» **DATA SECTION**
■ ■ ■ ■
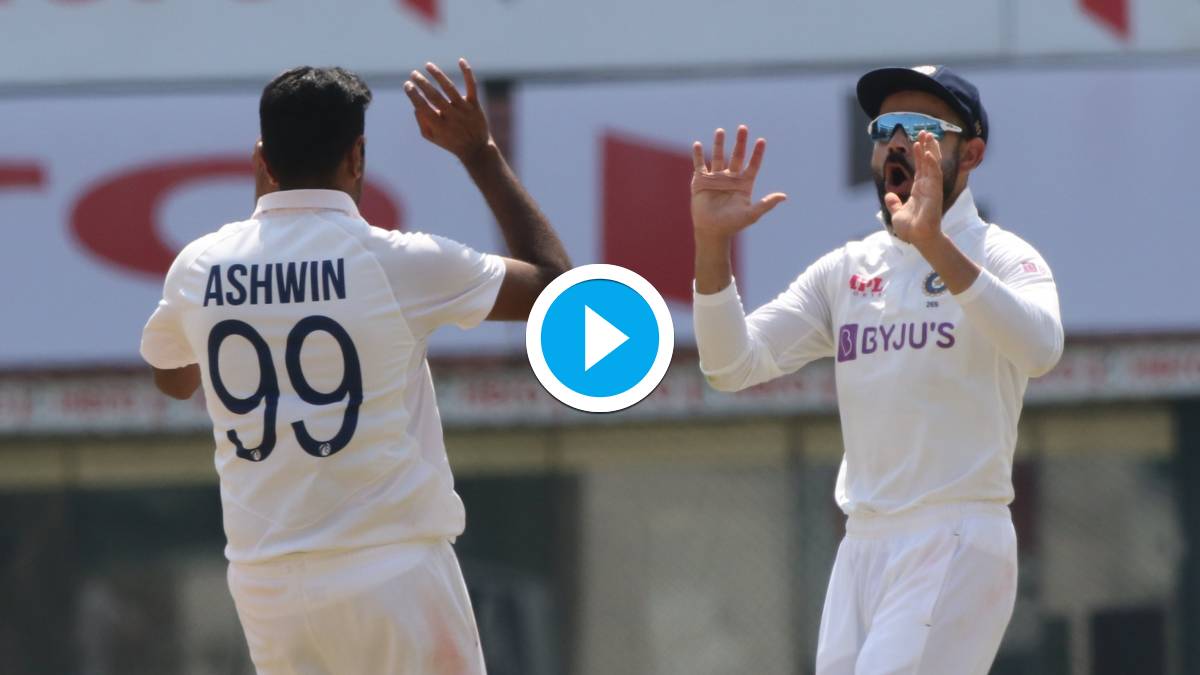 IND vs ENG 1st Test Day 4: Watch R Ashwin hunts down Ben Stokes for 8th time in Test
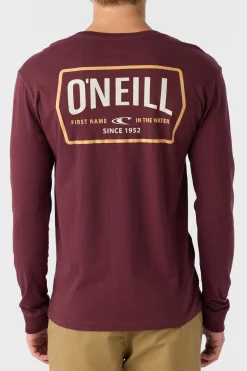 O’Neill Tees<DITHER STANDARD FIT LONG SLEEVE TEE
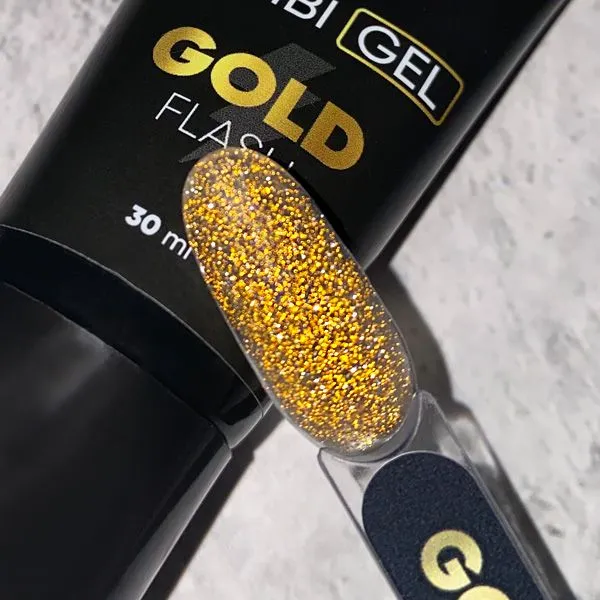Combi gel Gold Flash, 30 ml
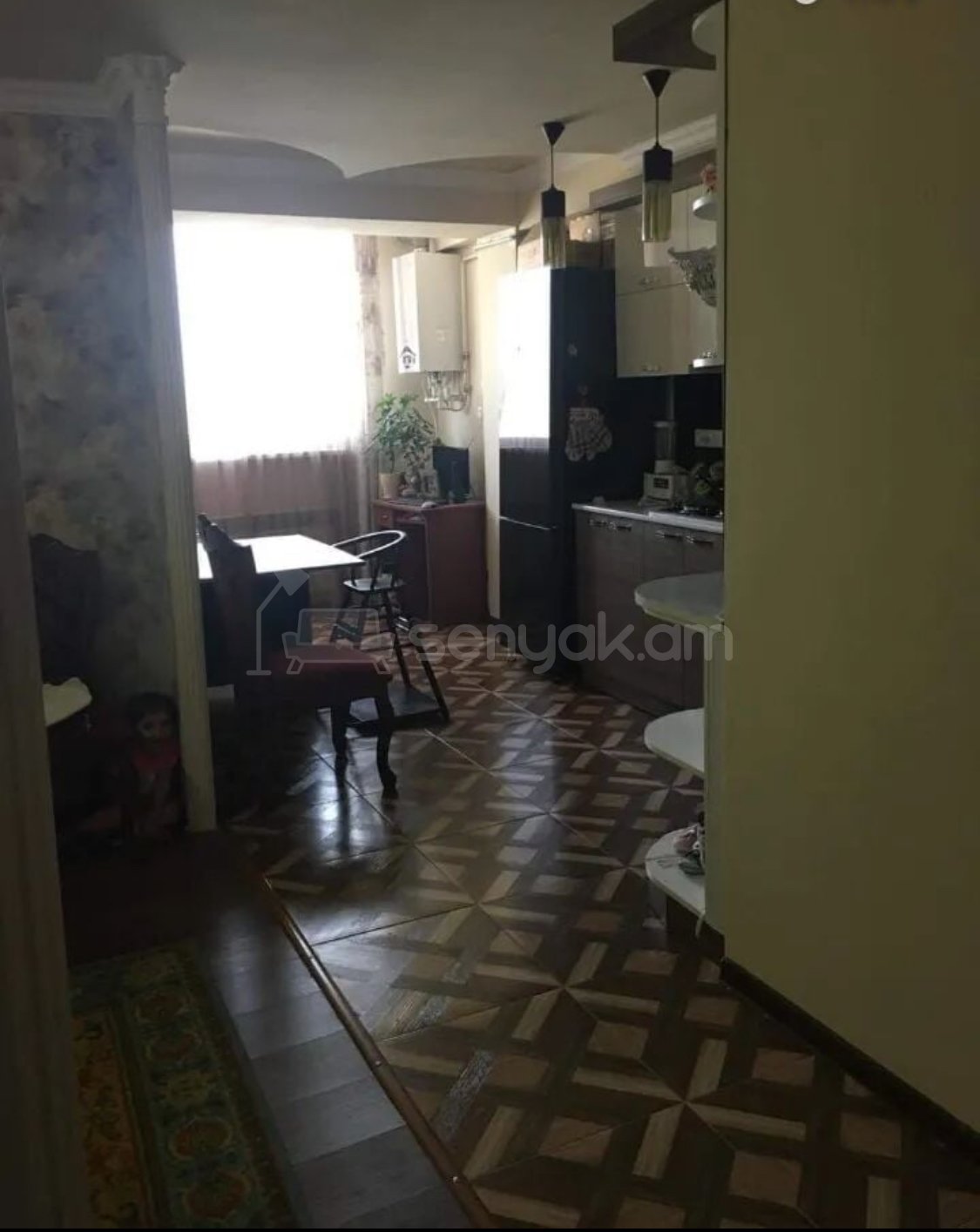 2 Սենյականոց Բնակարան, 47քմ, 10/10 հարկ, Կապիտալ Վերանորոգված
■ ■ ■ ■
» **DIRECTIONS**
Leave out the pictures, and retype exactly the lines from the one containing "Combi gel Gold Flash, 30 ml" through the final line of the data.

» **RESPONSE BELOW**
Combi gel Gold Flash, 30 ml
 2 Սենյականոց Բնակարան, 47քմ, 10/10 հարկ, Կապիտալ Վերանորոգված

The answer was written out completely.